We continued on, rocking under the packs, too thirsty, willing ourselves to keep going. The height of the ridge grew, and it appeared even steeper than usual, a Musgrave wall rising out of the sand. I headed up a gorge of a creek. I had never been anywhere so hot and so oppressively quiet. It meant the chirrups of the zebra finches were loud down the gorge. I could not see them, but finches mean water, so I followed the sound up the side- like an ant crawling up a crack in the wall of an old house.
The pool was full of gum leaves, black and stinking. Even Kim's dog, a desert dingo, slurped once and limped off in disgust. We filled our bottles in disappointment, not yet desperate enough to risk drinking it. Half an hour later, as the crack in the wall began to turn into a mere builder's scrape on the shoulder of the ridge, we heard finches again. Under a slab of rock was another pool, clear of leaves, twenty or thirty litres of water which stank of kangaroo. We boiled a litre at a time to get rid of the stink, waited for it to cool enough to drink, and slowly began to recover enough to climb the last few hundred feet and limp off towards home in the dusk.

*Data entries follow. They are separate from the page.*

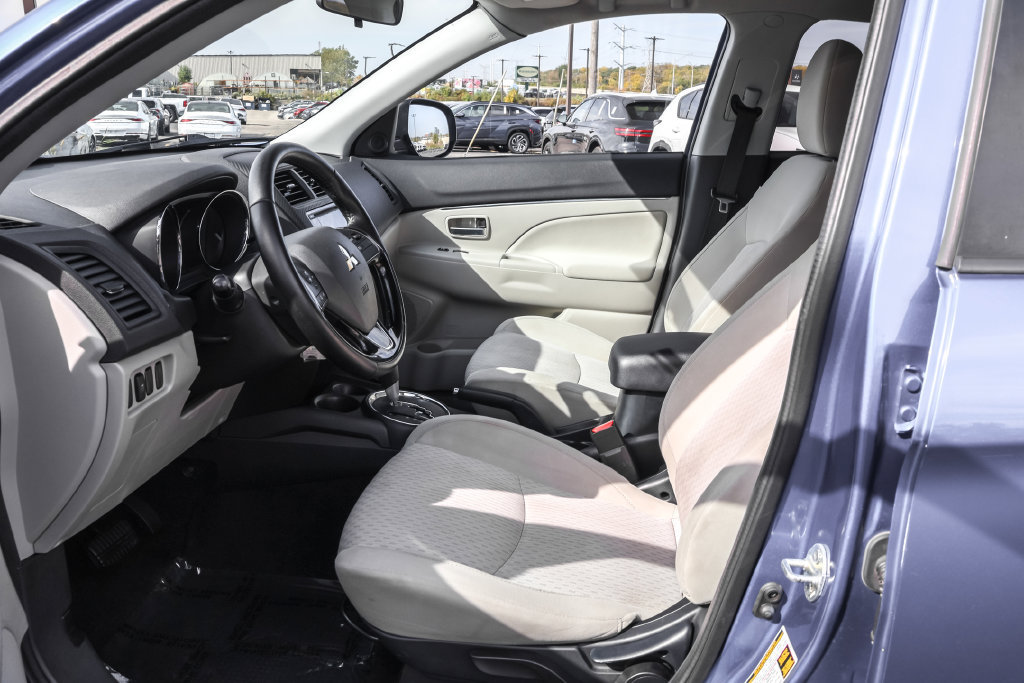 Used 2017 Mitsubishi Outlander Sport ES FWD image 4
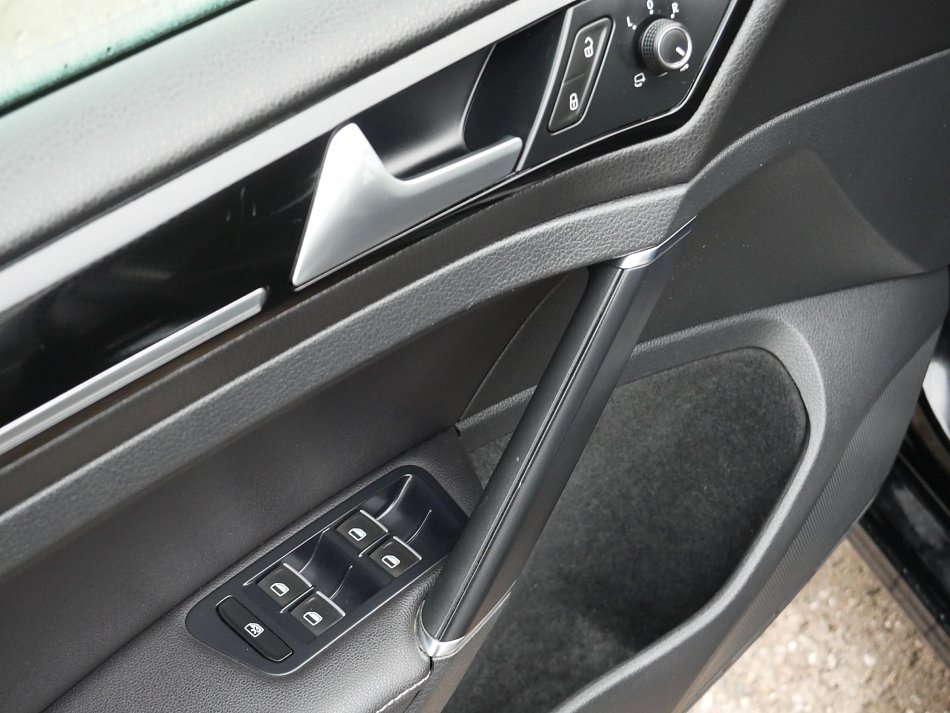 Volkswagen Golf 2.0TDi 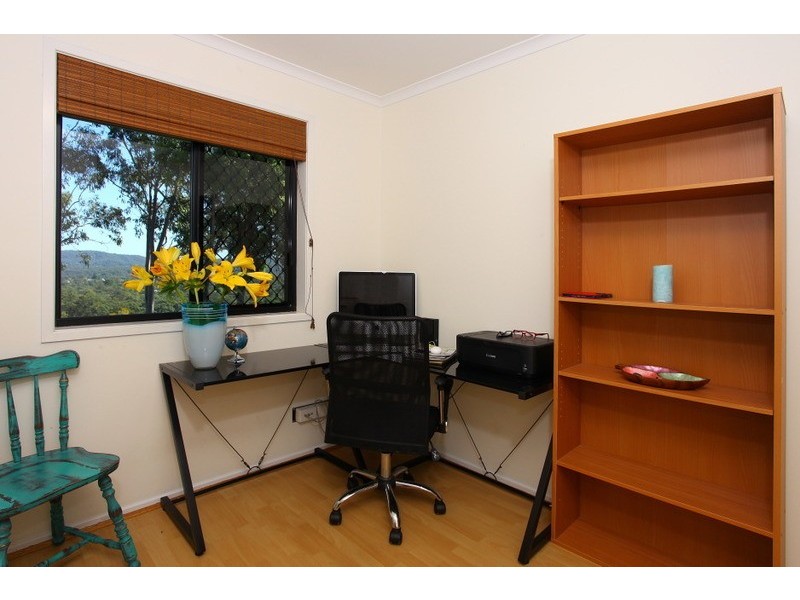 15 Tara Vista Boulevard, Highland Park QLD 4211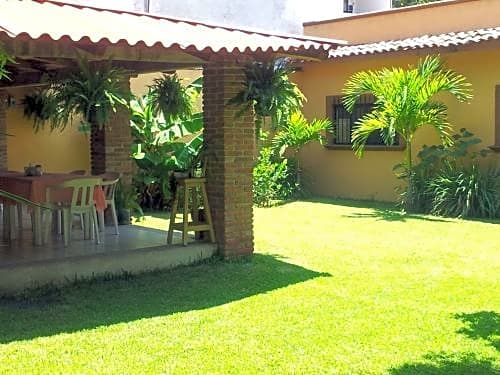 Hotel Uke Inn Terán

Despite the terrors, the dark nights have a certain drama. We are alive! Too often, life is in the day, grindingly hard, and full of tragedy. Things which could be highlights are disappointments, and even the times of rescue seem bare survival, not relief. We limp on exhausted. Yet even in the worst of days are little outposts of hope, and tombstones of defiance, which tell more of life than death. To Live is to work day to day, night to night, watching, listening, seizing the moments of insight, feeling in the dark in broad daylight.
THE END
We live our days feeling a little lacking, suspecting we have somewhere lost the way toward a better life. Instead of green pasture, we too often find the hard grasses of the desert, and sometimes unbearable tragedy. Life can feel so oppressive we wonder how we will survive. To survive the heat of the day, we must walk towards the darkness. If we flee from the dark, we will perish in the desert; life is in the darkness. In the dark, the worst day may seem a pleasant memory; where we hope and long for light. Yet, the task of life is not to avoid the dark, but to learn to live at ease, at-one, in the dark; to build the small fire we need for warmth and light; to provide shelter for those lost wandering, and for those passing on their own journey, a stopping place for a kindred soul.
If there is to be a dawn where we can see the whole land in sunlit glory, what a sight that will be! If what is remains too much ever to see clearly, we will have been free, and we will have lived. In the peace of the night, there will be light.